Start with the line that holds "Zapatilla de punto". Please copy it and each remaining line below exactly, leaving pictures out.

Brief descriptive captions
■ ■ ■ ■

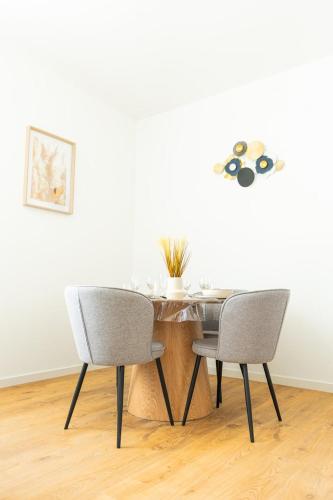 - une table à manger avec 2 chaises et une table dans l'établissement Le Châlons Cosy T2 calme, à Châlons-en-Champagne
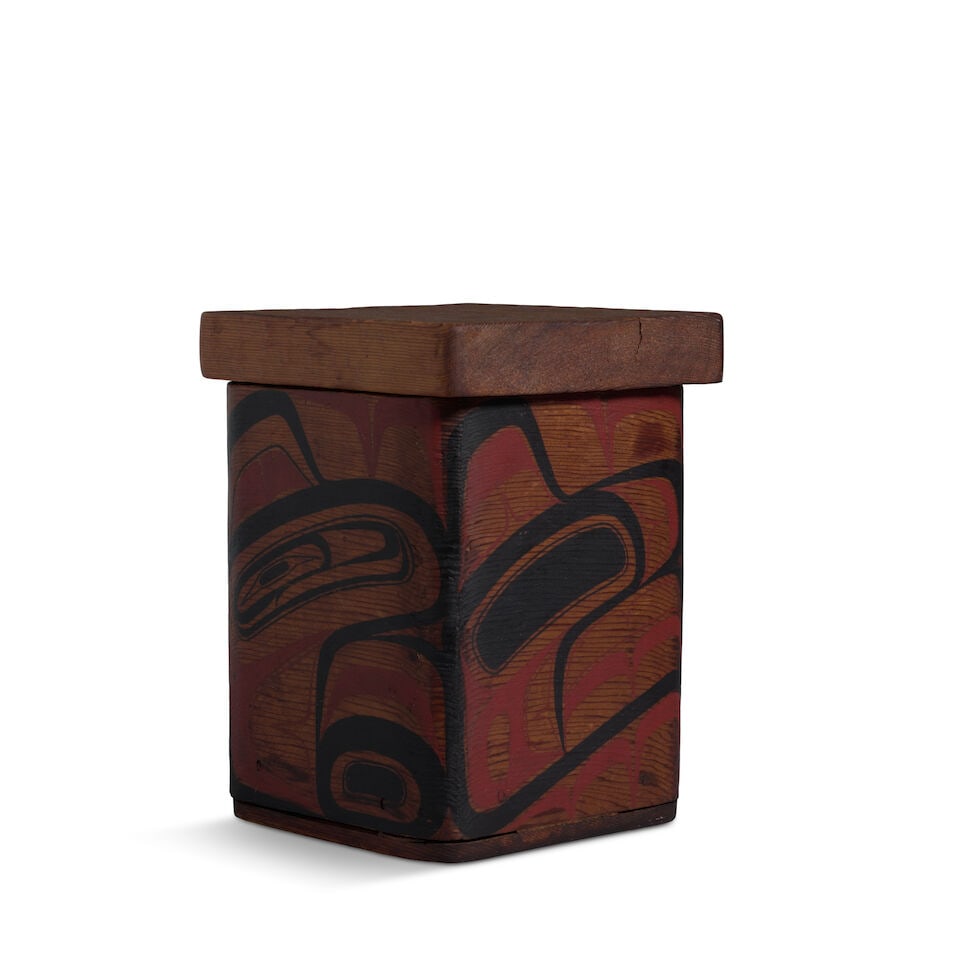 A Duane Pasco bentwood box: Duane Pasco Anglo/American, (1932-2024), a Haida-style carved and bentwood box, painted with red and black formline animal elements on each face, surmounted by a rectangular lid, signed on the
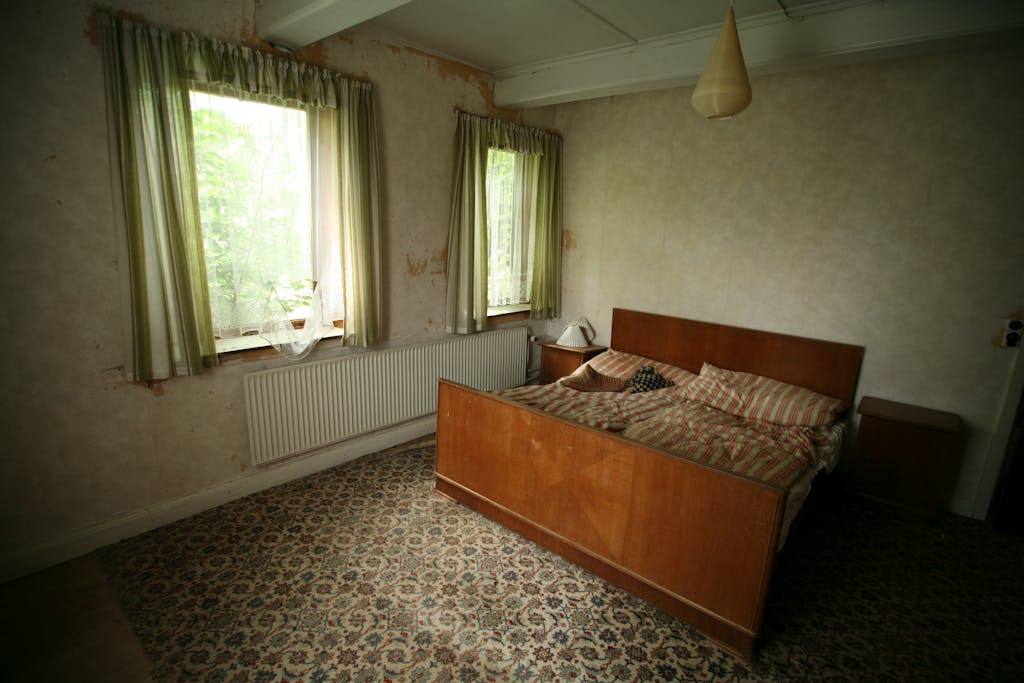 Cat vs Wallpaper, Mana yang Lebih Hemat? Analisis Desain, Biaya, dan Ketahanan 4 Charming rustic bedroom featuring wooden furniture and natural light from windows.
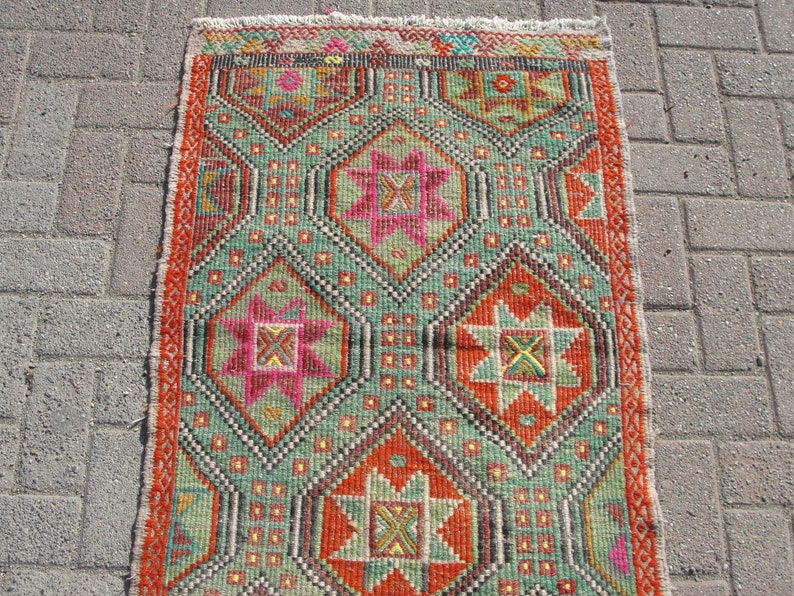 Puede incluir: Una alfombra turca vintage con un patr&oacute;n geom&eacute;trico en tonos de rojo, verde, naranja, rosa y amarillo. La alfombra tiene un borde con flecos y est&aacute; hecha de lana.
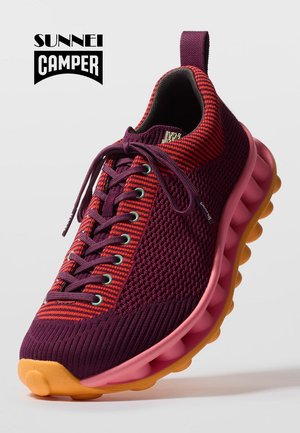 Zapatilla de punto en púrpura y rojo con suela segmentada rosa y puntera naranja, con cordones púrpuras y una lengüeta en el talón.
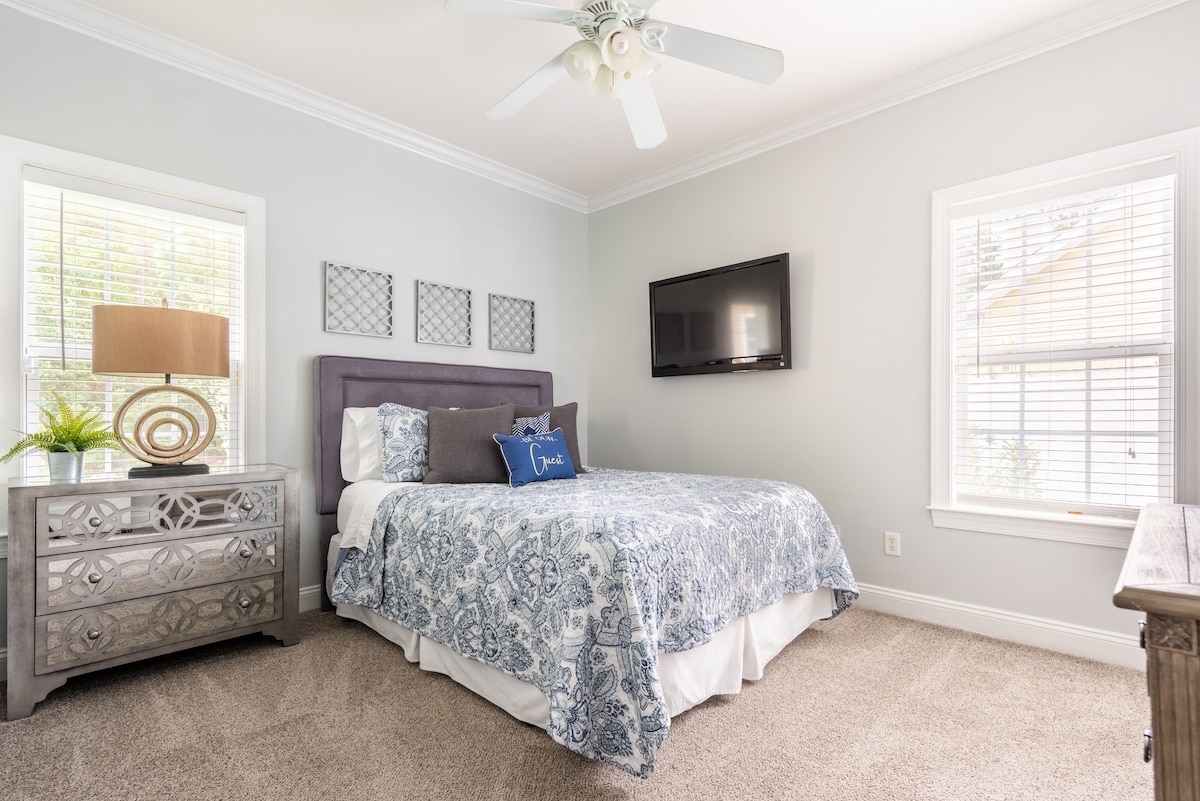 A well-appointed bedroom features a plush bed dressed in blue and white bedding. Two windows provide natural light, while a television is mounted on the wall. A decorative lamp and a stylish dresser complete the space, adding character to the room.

■ ■ ■ ■

Exercise answer
 Zapatilla de punto en púrpura y rojo con suela segmentada rosa y puntera naranja, con cordones púrpuras y una lengüeta en el talón.
 A well-appointed bedroom features a plush bed dressed in blue and white bedding. Two windows provide natural light, while a television is mounted on the wall. A decorative lamp and a stylish dresser complete the space, adding character to the room.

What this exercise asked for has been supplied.